IX Outage – Post Issue Technical Report

FacebookTwitterGoogle+LinkedInDiggEmail

As many of you know, last week we experienced a major outage, affecting multiple email and database servers for just under 5 days.

It was, without a doubt, the worst technical issue we’ve ever experienced as a company.

Thankfully, all systems were brought back up without any loss of data.  Although we’re happy that we could restore all your data, we know the duration of the incident, as well as the incident itself, is unacceptable.

To make certain that something like this never happens again, we launched a full investigation to determine the root cause of the issue, outline the steps we took to handle it, and help us take preventative measures against this type of problem in the future.

I want to share this report with you, both to satisfy the curiosities of our more tech-savvy customers, and to illustrate the amount of time, work, and research it took to resolve this difficult issue.  I also want to share the steps we’ll be taking to prevent this issue in the future, which are included at the end of the report.

So, here is the post-issue follow-up my system administrators delivered to me this morning. I think you’ll find it informative, and I hope it sheds some light on the mess that was last week:

Incident Name: Storage Outage – sas3

Incident Date: 2014-03-02
Report Date: 2014-03-14

Services Impacted:

Storage sas3 on dbmail01
93 Shared vms (mail and mysql of cp9-11), resources of 30366 accounts were affected.

Incident Root Cause:

The affected SAN is comprised of an array of drives in a RAID 50 configuration that consists of two RAID 5 groups (one parity group consisting of the even numbered drives and one parity group consisting of the odd numbered drives).   The array can handle two disk failures at the same time as long as they are not part of the same parity group.  In the case of our outage, drive 6 failed and drive 10 was added to the RAID to rebuild the group.  During the rebuild process, drive 0 failed causing us to lose the even-numbered parity group.  This occurred just before 4AM EST on 3/2/2014 and caused the RAID to go into an unrecoverable state. We contacted our hardware vendor’s support line before acting, because there was a large potential for data loss, and were escalated to their engineering team.  Total call time was 10 hours.

raidfailure

Response:

In order to regain access to the data, we had to manually disable slots 10 and 15 (the spare drives) so that the RAID would not attempt to rebuild.  Next, we reseated drive 6 which brought it online, but not as part of the RAID.  This allowed the entire RAID to come back online in a degraded state with drive 0 active.  Because drive 0 was still failing, we knew the RAID was in a very fragile state and that we had to move forward with great care or we would risk losing data.

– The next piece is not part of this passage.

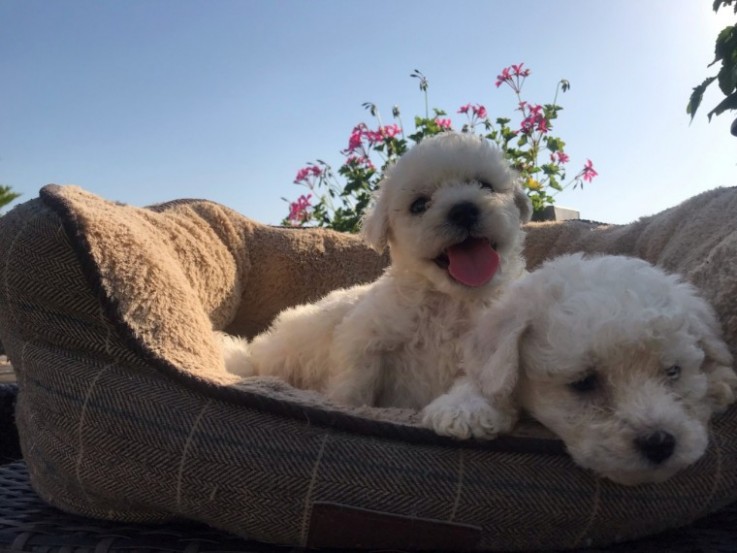 Adorable Bichon Frice Puppies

Our hardware vendor showed us a binding procedure that allowed us to move the affected volumes from the storage system.  We learned that if we triggered another failure in drive 0 at any point during this process, the RAID would go offline and we could lose access to the data.  With this in mind, we began to migrate the volumes, one at a time (that way, it would reduce the stress on drive, thereby reducing the chance of it failing again).  We were methodical and deliberate in the way we approached this and thankfully, we were successful in migrating all data from the storage without triggering another failure in drive 0.  The process completed, and all customers were back online as of 3/6/2014 just after 6PM EST.  The whole process took almost 5 days.

Timeline:

You can find a timeline of events on our status blog–from the initial outage to the final server’s reactivation.

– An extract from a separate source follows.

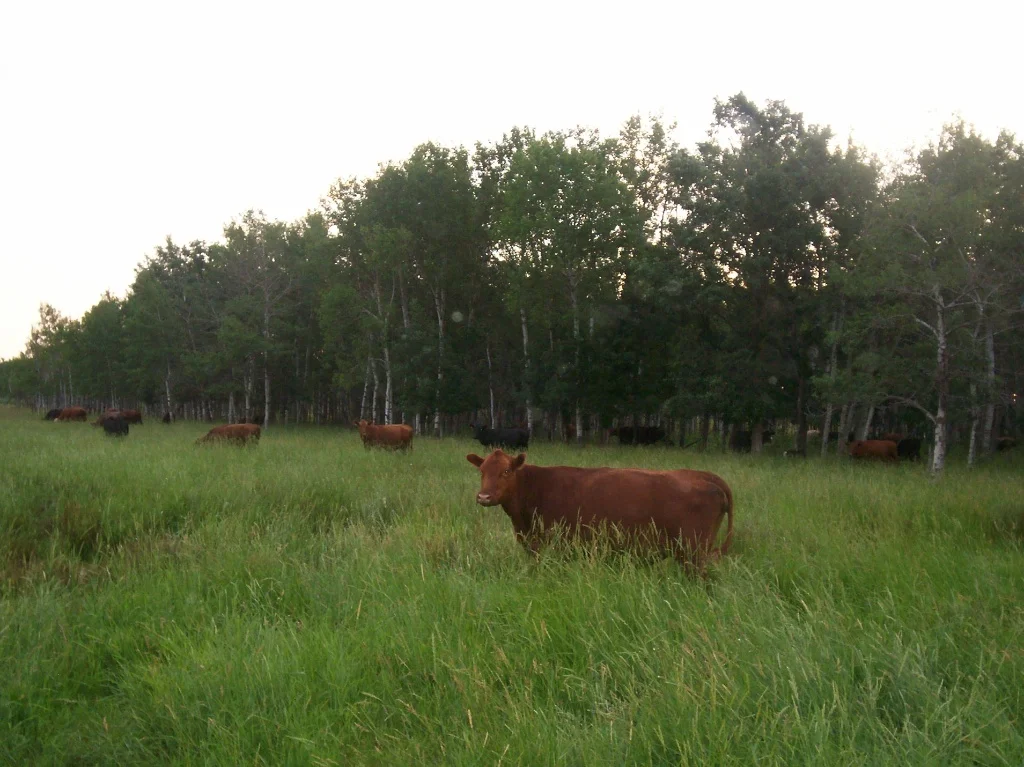 100_0837 - Version 2.jpg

What We’re Doing To Prevent This:

Improve Monitoring

Currently, our automated hardware checks are set to notify us when a storage system has an issue of any type.  While sophisticated, it’s not specific enough to tell us what the actual problem is.  For instance, if a drive fails, we get a general notification, rather than a ‘drive x has failed’ message.  We are looking into using more specific, granular notifications for individual disks.

Proactive Hardware Replacement

It may be possible to check via SNMP for things like disk errors on specific disks before they actually fail out of the RAID and trigger a rebuild. This will result in less drive failures and less rebuilds.

Switch All Arrays to More Stable RAID

Our RAID currently rebuilds on storage arrays using RAID 50. Although this is standard, it can take more than eight hours to complete a rebuild. This is an 8-hour window where we risk losing two drives from the same parity group.  We can decrease this risk by moving to a significantly faster RAID 10 setup, which can rebuild in about 3 hours.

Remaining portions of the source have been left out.